A BRADFORD academy school is on the right tracks to improving, but fixed-term exclusion rates are still "far too high".

Queensbury Academy, in Deanstones Lane, had a monitoring visit from Ofsted on January 8.

It was a follow-up to the school's first inspection as part of the Feversham Education Trust, back in June 2019.

Queensbury received an Inadequate rating then, which meant the education watchdog had to check-in last month to see if the school's "serious weaknesses" were being addressed.

A number of key areas have been improved since the full inspection.

Eight members of staff have left the school, with ten new ones joining - this has included the appointment of "directors of learning" in English, modern languages and information technology.

Teachers are now more accountable for the quality of education at school.

The report states: "Leaders have introduced common strategies to build greater ambition and challenge into the curriculum.

"While there is still a long way to go, leaders are beginning to raise expectations of what pupils can achieve."
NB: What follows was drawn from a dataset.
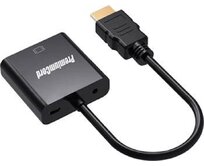 PremiumCord Převodník HDMI na VGA se zvukem 3,5mm stereo jack - černý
This includes training to build subject leaders' expertise and a more formal professional development programme, to help develop awareness of the standards expected of pupils.

Year 11 still remains a problem area though.
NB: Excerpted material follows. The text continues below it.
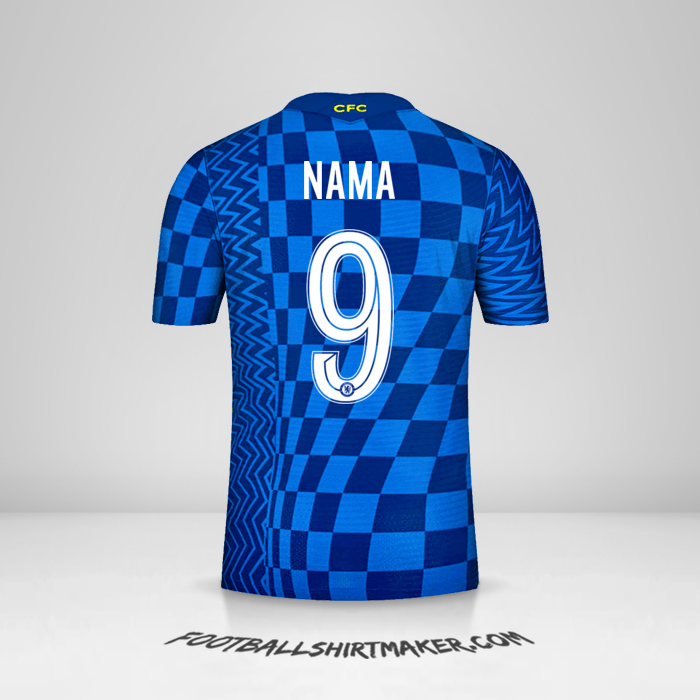 Jersey Chelsea Cup 2021/2022 -  nama - 9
The report states: "Although progress showed a marginal improvement in 2019, it

remained weak.

"Leaders are striving to balance long-term improvement with more urgent action to support current Year 11 pupils.
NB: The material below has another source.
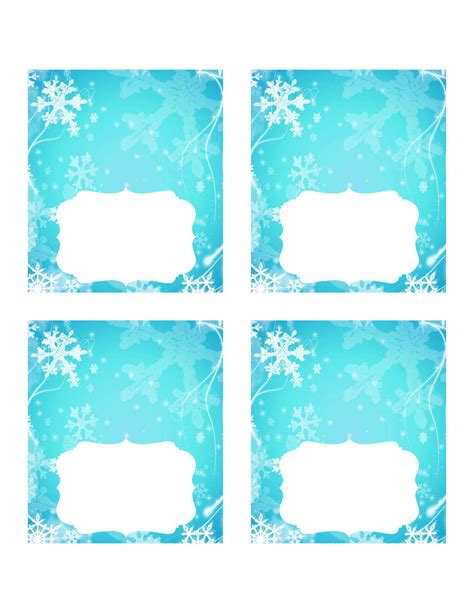 Free Printable Frozen Food Tent Cards Printable Templates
"The trust is commissioning external support to provide extra tuition for pupils."

The inspector, Malcolm Kirtley, praised the school for taking prompt action when areas of underachievement are identified.

Queensbury is also now at the beginning of the road in improving its curriculum offering, bringing in experts in some subjects to aid the transition.

This goes in-hand with improved pupil behaviour.

The report states: "Year 10 and 11 pupils said standards of behaviour had transformed over the past two years.

"Staffing has become more stable leading to more secure relationships between pupils and staff.

"Year 7 pupils said they felt welcome and safe on arrival to the school."

But, a firmer behaviour policy adopted in November 2019 has led to a marked increase in fixed-term exclusions and days lost to exclusion for poor behaviour.

Overall absence also remains too high, but the school is working hard to improve this.

The report states: "Leaders have also secured a slight improvement in the attendance of disadvantaged pupils.

"In addition, leaders have seen an increase in the percentage of pupils securing 100 per cent attendance."

This has been achieved by building a strong attendance team, who work with families and provide a minibus service for the most vulnerable pupils.

The team also make regular home visits.

Leaders have also raised the profile of pupils with special educational needs and/or disabilities (SEND).

Staff are receiving clearer information on how to help pupils with SEND, as part of this focus.

The report states: "While much needs to be done, staff are becoming more mindful of their responsibilities for pupils with SEND."

Queensbury is also receiving external help to change the tide.

The school has commissioned an experienced educational consultant to review their improvement actions at regular intervals, as well as making the decision to base important trust staff at Queensbury Academy.

This includes the CEO and trust improvement officers.

The report states: "This is an important step that recognises the school needs additional capacity on site to support ongoing improvement."

Queensbury Academy was approached for a comment, but did not respond.